徘徊SOSネットワークに積極的に取り組んでいる自治体の事例をご紹介します。

【市全体で取り組む模擬訓練】福岡県大牟田市ほっと安心(徘徊)ネットワーク

福岡県大牟田市は人口の約12万人のうち65歳異常の割合が33.4%と、全国平均の26.7%と比べるとかなり高齢化が進んでいるといえます。

2003年に認知症の高齢者が徘徊から行方不明になったのち死亡してしまったのがきっかけで、翌年2004年からSOSネットワークの取り組みが始まりました。

大牟田市の「ほっと安心(徘徊)ネットワーク」では、目的のひとつに以下を掲げています。

認知症になっても安心して暮らせるために
「徘徊=ノー」ではなく、「安心して徘徊できる町」を目指していく

引用:大牟田市の取り組み

徘徊をなくすのではなく徘徊しても大丈夫な町づくりを実現するにあたって、住人の認知症への理解を深めることから始まりました。
大牟田市のほっと安心ネットワークは、学区ごとに事前準備や取り組みを行っており、年に一度の模擬訓練では各学区一斉に模擬訓練を行っています。
最初は一部の学区のみで行われていましたが、2010年までに市内の全ての学区で徘徊模擬訓練の取り込みが行われているようです。

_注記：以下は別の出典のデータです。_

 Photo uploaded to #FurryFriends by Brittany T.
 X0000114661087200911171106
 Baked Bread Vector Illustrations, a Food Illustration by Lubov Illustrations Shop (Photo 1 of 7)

模擬訓練は、実際に徘徊役の人を決め警察へ捜索願が出されたことを想定して行います。
警察は市役所へ連絡し、連絡を受けた市役所は介護事業所・医療機関へ連絡します。同時に民生委員・児童委員の方へFAXで情報を配信、協力者にはメールで配信します。

その後、各学区の拠点より情報連絡網を活用して情報伝達します。情報は「はやく・正確に・末端まで」を目標に伝達が行われます。
そして実際に各学区にて捜索・声掛け訓練が行われます。学区によって声かけに重点をおいたり、捜索に力を入れたりと工夫されています。
訓練後は次回の模擬訓練に向けて各学区で反省会を行い、模擬訓練を振り返ります。

市内の全学区で模擬訓練を行うことで、高齢の認知症の人に対する理解が深まり、道端の人に声をかけることへの抵抗も減っているとの意見もあります。
また、模擬訓練開催10年目には市内の高校生へも参加を呼びかけ、世代を越えた認知症の人による徘徊への取り組みが行われています。参加者は年々増え、2013年には2000人を越えたというのですから驚きです。

大牟田市のほっと安心ネットワークは実際に成果をあげており、行方不明から発見・保護された件数が2010年から2012年にかけて約1.5倍にまで増加しているのです。

まとめ

徘徊の対策をしよう

徘徊SOSネットワークについてご説明しましたがいかがでしたでしょうか?
まだまだ徘徊SOSネットワークへの取り組みは全国に浸透しているとはいえません。
ただ、市民の声がきっかけで徘徊SOSネットワークに取り組んだという自治体もありますので、介護者の方は自分のお住いの地域が認知症に対してどういった取り組みを行っているか知っておくことをオススメします。

介護職員の私から伝えたいのは、認知症の介護はご家族だけでなく地域全体でサポートする必要がある病気だということです。
特に高齢の認知症の人が徘徊によって外を出歩くというのは、命の危険にも関わります。
徘徊の対策は、「事前の予防」と「万が一起きてしまった場合の対策」どちらも行うことが大切です。